** TASK TO COMPLETE **
Among the entries below, only the lines from the one with "4-Slot Li-ion Battery" through the one with "Sutiã Feminino Renda" are to be retyped, exactly and without pictures.
(INFORMATION)
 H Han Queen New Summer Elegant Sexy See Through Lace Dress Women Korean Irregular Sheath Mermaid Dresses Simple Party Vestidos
(End INFORMATION)
(INFORMATION)
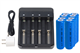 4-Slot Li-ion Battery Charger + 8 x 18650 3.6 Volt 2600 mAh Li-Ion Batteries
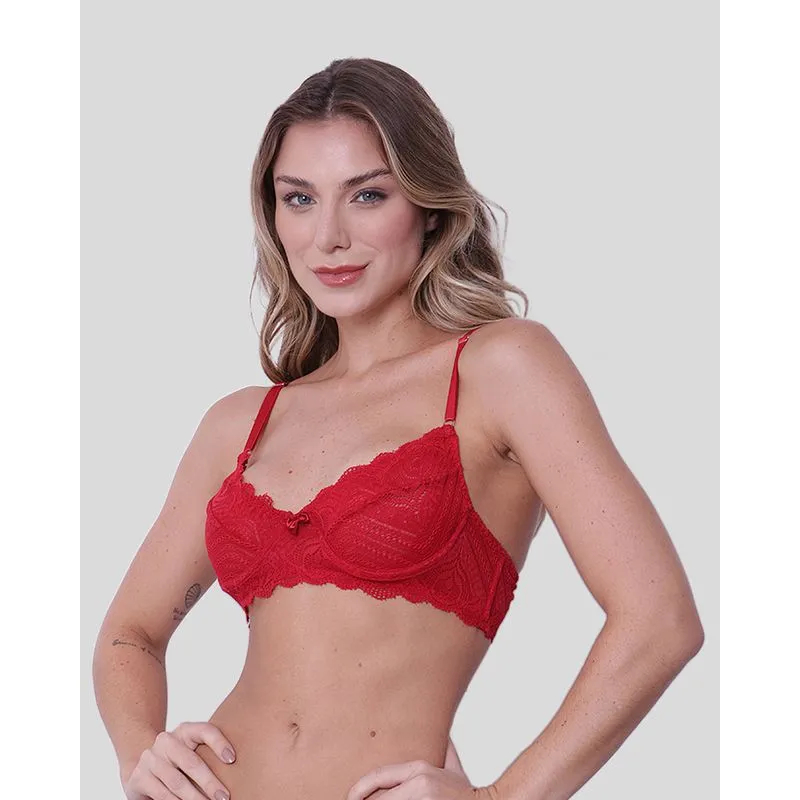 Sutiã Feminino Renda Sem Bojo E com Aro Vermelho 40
(End INFORMATION)
(INFORMATION)
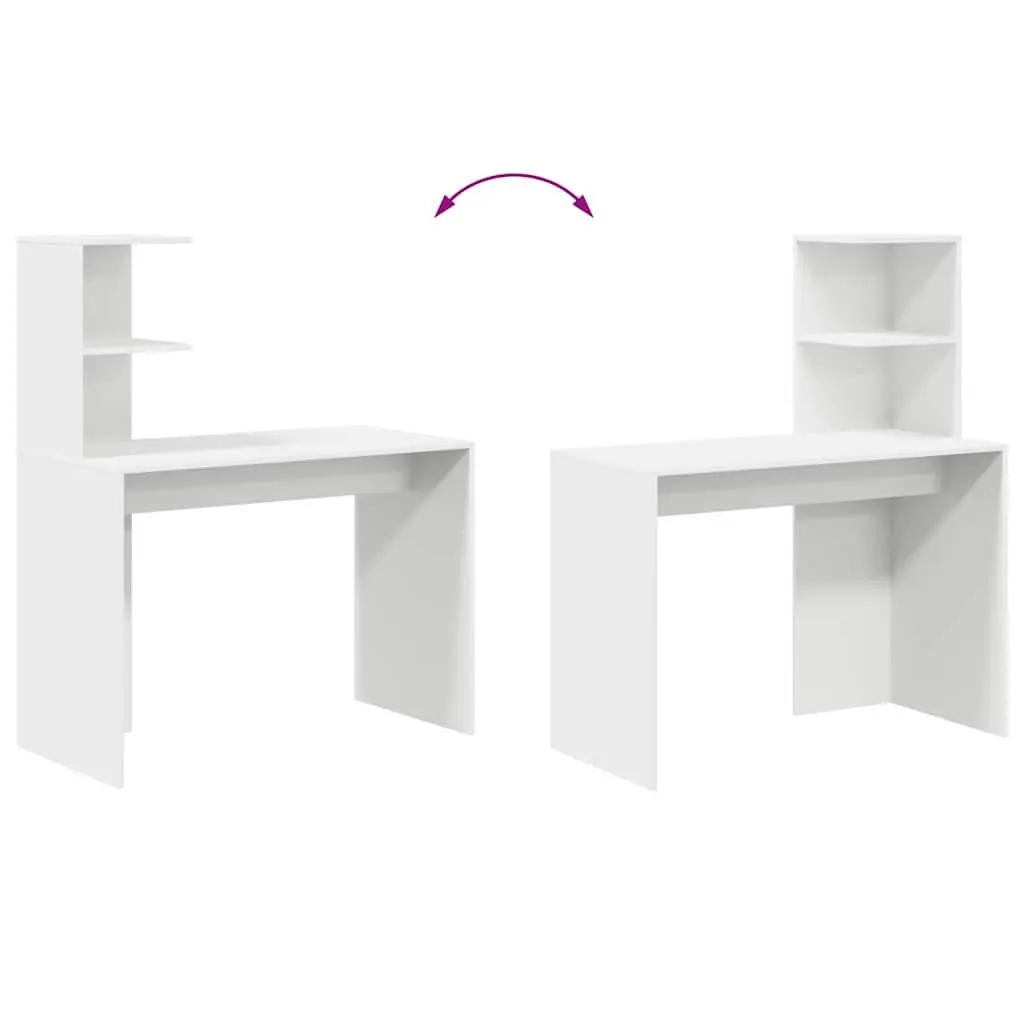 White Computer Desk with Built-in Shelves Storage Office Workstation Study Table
(End INFORMATION)
** ANSWER SPACE **
 4-Slot Li-ion Battery Charger + 8 x 18650 3.6 Volt 2600 mAh Li-Ion Batteries
 Sutiã Feminino Renda Sem Bojo E com Aro Vermelho 40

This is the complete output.